Keywords: graph neural networks, activation function, smoothness of node features
TL;DR: We develop a new theoretically principled approach to let GCN learn node features with a desired smoothness to improve node classification accuracy.
Abstract: The pioneering work of Oono \& Suzuki [ICLR, 2020] and Cai \& Wang [arXiv:2006.13318] analyze the smoothness of graph convolutional network (GCN) features. Their results reveal an intricate empirical correlation between node classification accuracy and the ratio of smooth to non-smooth feature components. However, the optimal ratio that favors node classification is unknown, and the non-smooth features of deep GCN with ReLU or leaky ReLU activation function diminish.
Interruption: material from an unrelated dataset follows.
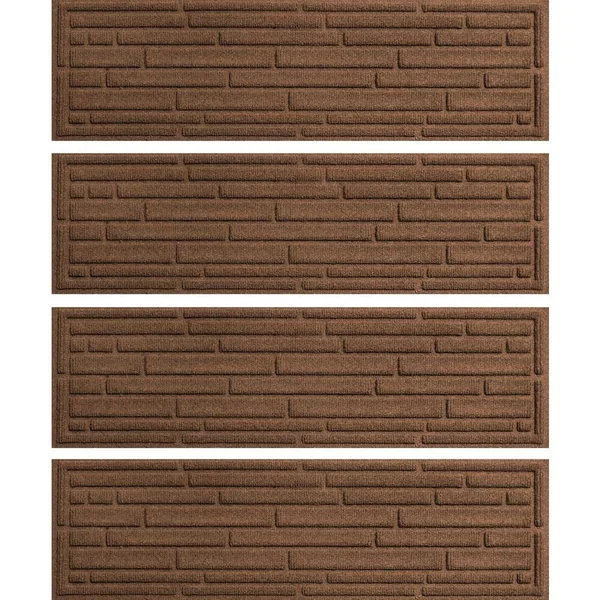 Aqua Shield Broken Brick 8.5 in. x 30 in. Stair Treads (Set of 4) Medium Gray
In this paper, we propose a new strategy to let GCN learn node features with a desired smoothness to enhance node classification. Our approach has three key steps: (1) We establish a geometric relationship between the input and output of ReLU or leaky ReLU. (2) Building on our geometric insights, we augment the message-passing process of graph convolutional layers (GCLs) with a learnable term to modulate the smoothness of node features with computational efficiency. (3) We investigate the achievable ratio between smooth and non-smooth feature components for GCNs with the augmented message passing scheme. Our extensive numerical results show that the augmented message passing remarkably improves node classification for GCN and some related models.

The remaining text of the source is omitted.